Cari Celah di Kelas Menengah
Tidak ada kata istirahat dalam industri ponsel pintar pada tahun 2018 ini, terlebih lagi di tataran ponsel menengah. Tak kurang dari tujuh ponsel dari berbagai pabrikan diluncurkan dalam lima bulan terakhir. Para produsen berlomba-lomba memasarkan fitur unik sebagai pembeda guna mencari celah di tengah persaingan yang semakin ketat.
Salah satu produsen yang meluncurkan ponsel kelas midrange ini adalah produsen ponsel asal China, Oppo, yang meluncurkan ponsel terbarunya, F7 Youth. Dijual dengan harga Rp 3,8 juta, ponsel ini menawarkan sistem dalam cip (SoC) Mediatek kelas atas, Helio P60 (octa-core 2.0 Ghz), kapasitas RAM 4 gigabit dan memori penyimpanan 64 gigabit.
F7 Youth yang diluncurkan pada Rabu (23/5/2018) diposisikan sebagai ”adik” dari F7, yang pada April 2018 baru saja diluncurkan.
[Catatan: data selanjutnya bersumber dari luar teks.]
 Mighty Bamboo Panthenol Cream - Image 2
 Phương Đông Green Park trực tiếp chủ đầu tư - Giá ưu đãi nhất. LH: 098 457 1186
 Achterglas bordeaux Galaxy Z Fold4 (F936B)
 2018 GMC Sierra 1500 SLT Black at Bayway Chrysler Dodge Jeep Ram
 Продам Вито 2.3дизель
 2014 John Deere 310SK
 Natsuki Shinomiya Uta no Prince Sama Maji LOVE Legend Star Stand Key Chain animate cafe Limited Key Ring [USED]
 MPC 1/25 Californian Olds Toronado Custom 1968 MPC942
Dengan harga Rp 400.000 lebih mahal, F7 memiliki resolusi kamera depan dan kamera belakang yang lebih besar.
F7 memiliki kamera belakang 16 megapiksel dengan aperture f/1.8 dan kamera depan 25 megapiksel dengan aperture f/2.0. Adapun F7 Youth memiliki kamera belakang dengan resolusi hanya 13 megapiksel dengan f/2.2 dan kamera depan dengan sensor 8 megapiksel dan f/2.2. Layar F7 pun lebih besar; 6,2 inci, dibandingkan 6 inci pada F7 Youth.
Namun, jeroan F7 tidak jauh berbeda dengan F7 Youth, sama-sama menggunakan SoC Helio P60. Kedua ponsel ini pun juga memiliki kapabilitas Beauty AI 2.0. Kemampuan ini memungkinkan kamera ponsel mengenali 296 titik wajah lalu membagi wajah dalam foto menjadi beberapa zona untuk efek beauty yang lebih akurat dan natural.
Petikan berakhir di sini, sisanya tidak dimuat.